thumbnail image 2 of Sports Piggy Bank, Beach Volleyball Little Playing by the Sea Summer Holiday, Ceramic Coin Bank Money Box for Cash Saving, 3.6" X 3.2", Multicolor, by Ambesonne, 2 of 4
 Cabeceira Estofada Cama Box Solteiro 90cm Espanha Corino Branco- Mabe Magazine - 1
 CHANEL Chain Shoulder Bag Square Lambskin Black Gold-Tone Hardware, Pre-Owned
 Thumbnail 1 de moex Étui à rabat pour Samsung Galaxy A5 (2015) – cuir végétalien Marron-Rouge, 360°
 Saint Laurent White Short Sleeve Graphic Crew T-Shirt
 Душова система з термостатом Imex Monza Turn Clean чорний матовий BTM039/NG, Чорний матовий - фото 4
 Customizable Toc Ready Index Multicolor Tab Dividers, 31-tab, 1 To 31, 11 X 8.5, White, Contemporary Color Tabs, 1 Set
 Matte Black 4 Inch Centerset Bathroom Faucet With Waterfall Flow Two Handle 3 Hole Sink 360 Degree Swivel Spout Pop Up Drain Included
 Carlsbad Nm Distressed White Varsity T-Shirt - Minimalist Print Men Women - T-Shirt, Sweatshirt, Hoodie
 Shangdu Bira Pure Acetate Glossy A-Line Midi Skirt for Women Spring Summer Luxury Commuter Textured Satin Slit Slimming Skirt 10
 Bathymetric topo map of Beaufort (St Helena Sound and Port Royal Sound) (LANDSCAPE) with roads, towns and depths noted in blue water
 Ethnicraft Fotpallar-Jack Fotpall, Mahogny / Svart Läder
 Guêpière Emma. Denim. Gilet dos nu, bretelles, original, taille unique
....
_How to complete this task_: In this exercise, give every record above again exactly.

_Expected answer_:
thumbnail image 2 of Sports Piggy Bank, Beach Volleyball Little Playing by the Sea Summer Holiday, Ceramic Coin Bank Money Box for Cash Saving, 3.6" X 3.2", Multicolor, by Ambesonne, 2 of 4
 Cabeceira Estofada Cama Box Solteiro 90cm Espanha Corino Branco- Mabe Magazine - 1
 CHANEL Chain Shoulder Bag Square Lambskin Black Gold-Tone Hardware, Pre-Owned
 Thumbnail 1 de moex Étui à rabat pour Samsung Galaxy A5 (2015) – cuir végétalien Marron-Rouge, 360°
 Saint Laurent White Short Sleeve Graphic Crew T-Shirt
 Душова система з термостатом Imex Monza Turn Clean чорний матовий BTM039/NG, Чорний матовий - фото 4
 Customizable Toc Ready Index Multicolor Tab Dividers, 31-tab, 1 To 31, 11 X 8.5, White, Contemporary Color Tabs, 1 Set
 Matte Black 4 Inch Centerset Bathroom Faucet With Waterfall Flow Two Handle 3 Hole Sink 360 Degree Swivel Spout Pop Up Drain Included
 Carlsbad Nm Distressed White Varsity T-Shirt - Minimalist Print Men Women - T-Shirt, Sweatshirt, Hoodie
 Shangdu Bira Pure Acetate Glossy A-Line Midi Skirt for Women Spring Summer Luxury Commuter Textured Satin Slit Slimming Skirt 10
 Bathymetric topo map of Beaufort (St Helena Sound and Port Royal Sound) (LANDSCAPE) with roads, towns and depths noted in blue water
 Ethnicraft Fotpallar-Jack Fotpall, Mahogny / Svart Läder
 Guêpière Emma. Denim. Gilet dos nu, bretelles, original, taille unique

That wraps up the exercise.